Keywords: BPD; Prematurity; Chronic lung disease
The lack of a uniformly accepted definition of bronchopulmonary dysplasia (BPD) is related to the general disagreement amongst caregivers about the need for supplemental oxygen based on oxygen saturations on pulse oximetry. At a consensus meeting of National Institutes of Health in 2001, a new criteria for diagnosis and severity of BPD were proposed[1] which have been summarized in [Table - 1]. During this meeting, it was also recommended that the original nomenclature of BPD be reinstated instead of "chronic lung disease of infancy" since BPD is distinct from the numerous other chronic lung diseases in pediatric and adult age groups.[1]
Incidence
The incidence of BPD is difficult to assess given the lack of universally accepted definition of BPD. The "classic" BPD described by Northway in 1967[2] has now been replaced by less severe forms of "new" BPD, which are infrequently found in patients >30 weeks of gestation and birth weights >1200 grams.
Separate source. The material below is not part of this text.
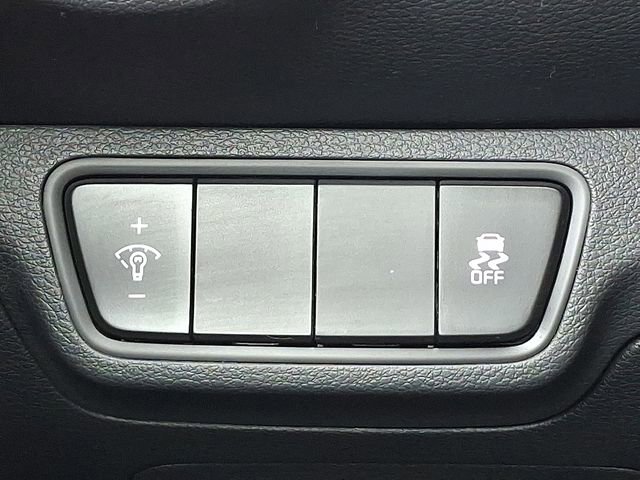 Used 2023 Kia Forte LXS FWD image 25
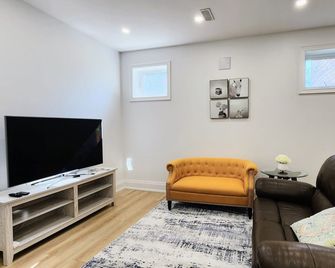 Serene High-celling Retreat in Upsacle and Safe Neighbourhood - Оквілл - Вітальня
In a recent study, where BPD was defined as oxygen need at 36 weeks post menstrual age, the incidence was 52% in infants with birth weights of 501-750g, 34% in infants with birth weights of 751-1000g, 15% in infants with birth weights of 1001-1200g, and 7% in infants with birth weights of 1201-1500g.[3]
Pathology
The pathology of the BPD lung from the pre-surfactant era was remarkable for presence of severe airway injury, inflammation and parenchymal fibrosis and marked heterogeneity in lung pathology with severe alveolar septal fibrosis in some areas and presence of normally inflated and/or hyperinflated lung in the adjacent sub-lobule or lobe.[4],[5]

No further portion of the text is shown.